Remise de l'épée d'académicien à M. Maurice Druon

Le 24 novembre 1967

Joseph KESSEL

Le vendredi 24 novembre 1967 à la maison de l’Amérique latine, les amis de Maurice Druon se sont réunis pour lui remettre son épée d’académicien[1] qu’ils lui offraient par souscription.

 

Allocution de M. Joseph KESSEL
de l’Académie française

 

Mon cher, cher Maurice,

Tu as, avec celui de l’écriture, le beau don de la parole. Je te l’ai souvent envié. Car j’en suis entièrement dépourvu. Mieux que personne, tu le sais. Nous en avons assez ri ensemble.

Répondre à des questions, soutenir un dialogue en public — passe encore. Dans le jeu des échanges, le public, on l’oublie. Mais face à lui, seul, j’ai l’esprit noué comme la langue.

Par bonheur, tu es là.

Oui, mais avec toi, je bute sur un autre obstacle. Comment exprimerais-je ici tout ce que j’éprouve ? Nos liens familiaux sont si connus que l’éloge, de ma part, ferait sourire. Et mon émotion, en cet instant, tire sa force et son sens d’éléments si profonds, si personnels, qu’à lui donner pour témoin une foule — fût-elle une foule d’amis — je craindrais un attendrissement de mauvais aloi.

Les images à nous deux communes qui m’assaillent aujourd’hui et qui s’étalent sur près d’un demi-siècle, tu en vois défiler la fresque aussi bien que moi, j’en suis sûr. Et la vibration intérieure dont elles m’animent, elle passe en toi avec la même intensité, j’en suis sûr également.

Et cela me suffit.

À un souvenir pourtant je peux m’arrêter sans tomber, je crois, dans la sensiblerie. Il s’agit de cette nuit de janvier, en 1943, quand évadés de France nous avons dû traverser clandestinement à cheval les montagnes de Galice. Tu te rappelles... Il faisait un froid terrible. Et la ténèbre était si épaisse que nos montures, pour ne pas perdre chacune celle qui la précédait sur le sentier escarpé, inégal, invisible, devaient le toucher presque. Cela n’empêchait pas un sentiment de solitude écrasante.

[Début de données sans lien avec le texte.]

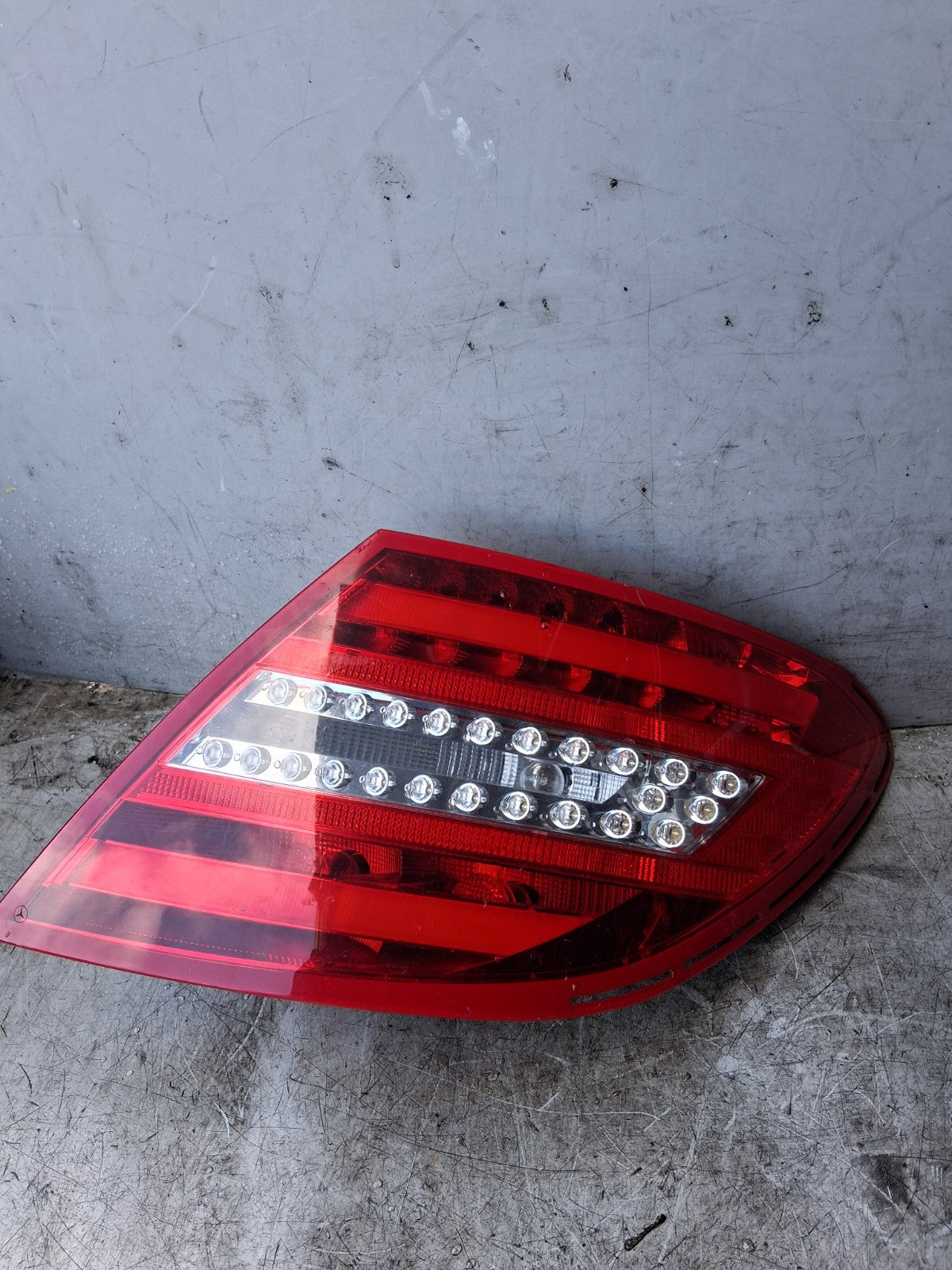 2015 MERCEDES C-CLASS W204 OSR DRIVER SIDE REAR TAIL GATE LIGHT 2049060503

Alors — et je ne sais plus qui de nous en eut l’idée — nous avons commencé à réciter en alternance des vers, les plus connus de tous, ceux qu’on apprend à l’école. Chacun son hémistiche. Et cela nous a merveilleusement aidés. Corneille, Racine, Hugo, nous servaient d’écho, de patrons, de complices.

Qui donc, alors, aurait prévu que cette marche de fantômes te conduirait, par les pistes du destin, de la France Libre à celle de Richelieu ? Seuls, sans doute, les Dieux de l’Olympe, que tu aimes tant, et qui l’avaient ainsi voulu.

Et c’est d’eux — permettons-nous de le croire — que cette épée te vient, par le truchement de tes amis et des mains du plus ancien parmi eux.

 

 

[1] Œuvre des Ateliers de la Maison Cartier à Paris.